From a level of B1 (which is also the goal of the so-called Integrationskurse), it can be assumed that learners can get along well in a German-speaking environment (private and business) but will still make noticeable mistakes when speaking. For many foreign apprenticeships in the field of crafts, care or for the recognition of German citizenship, the B1 Examination Certificate is required by public offices.

Levels B2 and above give most learners good language skills. From a level of B2.2 or even C1.1, it can be assumed that it language skills will be sufficient for a university degree course held in German. Often candidates for these levels take the Test-DaF (German as a foreign language) or DSH to qualify for study in Germany.

How long do you need German as a foreign language for a level?

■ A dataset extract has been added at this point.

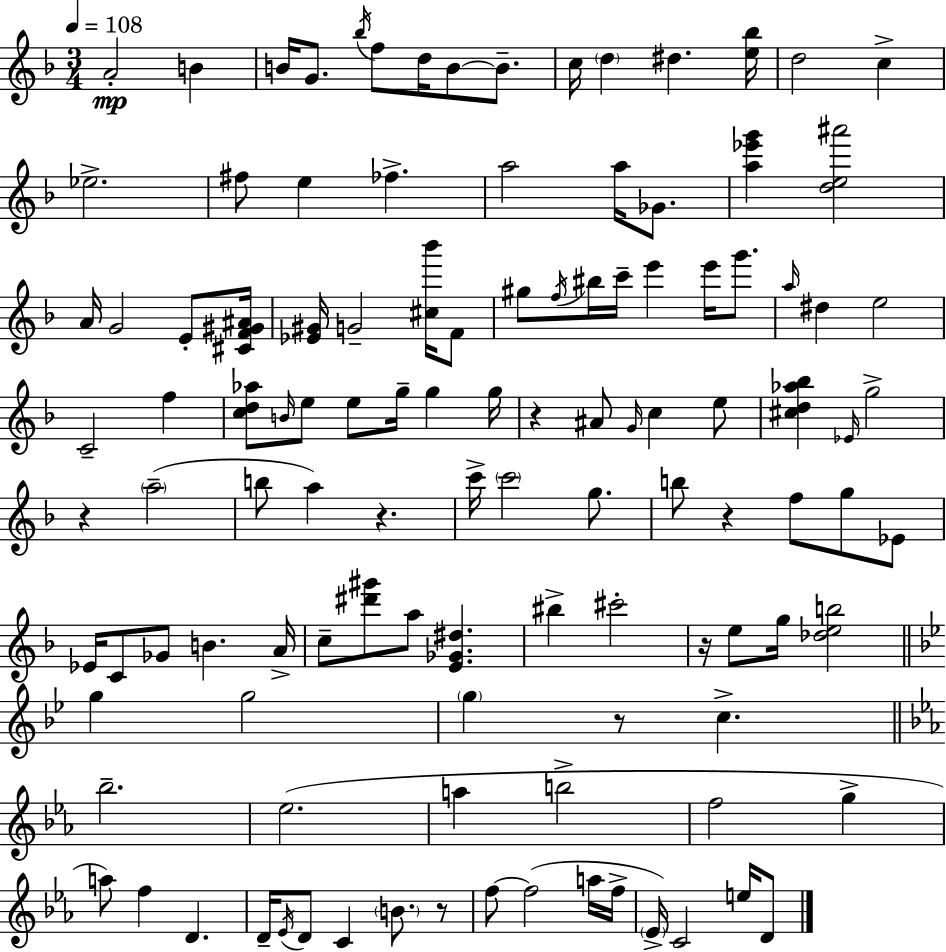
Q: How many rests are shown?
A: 7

In general, German as a foreign language per level is based on a learning period of approximately three months of intensive, daily schooling of at least three or more full hours. You can sometimes reach levels A1 and A2 in as little as six to eight weeks, if the learning time per day exceeds 180 minutes and you have a German-speaking environment (friends, spouse, colleagues) who will not return to your native language after the course.  Not applying the newly-learnt skills is poison to learning German (or other languages for that matter).

For example, for Level B1, roughly 600 hours of 45 minutes are scheduled in the Integrationskurs, although integration courses do not leave everyone with B1. An integration course lasts 6 months and has 100 units of 45 minutes per month.

Anyone who has a fairly high level of language skill goal, such as B2 or C1 as a level, should schedule at least nine to 12 months of daily intensive German courses or a visit to the nearest Studienkolleg (when in Germany) when starting with zero knowledge. If you have previous knowledge, you may only need three to six months for the level depending on your level of knowledge.

Time required for a German level in our German online courses:

Again, everything depends on how much time you can invest. The most intensive course in our online training runs three times a week over a one-month period, so it contains a total of 24 units for 45 minutes. In theory, you would need about 8 months from level to level during this period.
However, much depends on whether one makes the language still abroad and without special access to a German-speaking environment or whether the course is made for certain reasons within German-speaking areas and German can also be practiced after class. The more one accompanies the learner it will give him the opportunity to improve.

Being able to practice one’s German also means that new levels can be reached faster.

Can one really speak German with online courses?

Basically, one can assume that you can speak German quite well from a level of B1. This level can certainly also be achieved with German online courses. However, if you learn German with us at a level of A1 as a full-time German learner, it will certainly take you about one and a half to two years (without accompaniment and further practice after the online course), before you speaks good German and you can reach a level of B1. However, if levels of A1 or A2 have already been reached, levels of B1 or B2, you can reach levels of B1 or B2 in about half a year once a week or three times a week.

What are some tips In order to make progress with German as a second language in online schools?

We definitely recommend the creation of a German-speaking environment if the student is still abroad and has no real contact with the German language. This also includes the use of online media such as Deutsche Welle, German radio stations in streaming, news in German, online editions of German newspapers and the like. In another blog topic, we also show what online communities and apps for smartphones there are additional tools for learning German online. There are also a few tandem apps that can connect students directly with a German-speaking tandem partner, so that after class with the online instructor you can also train the same again.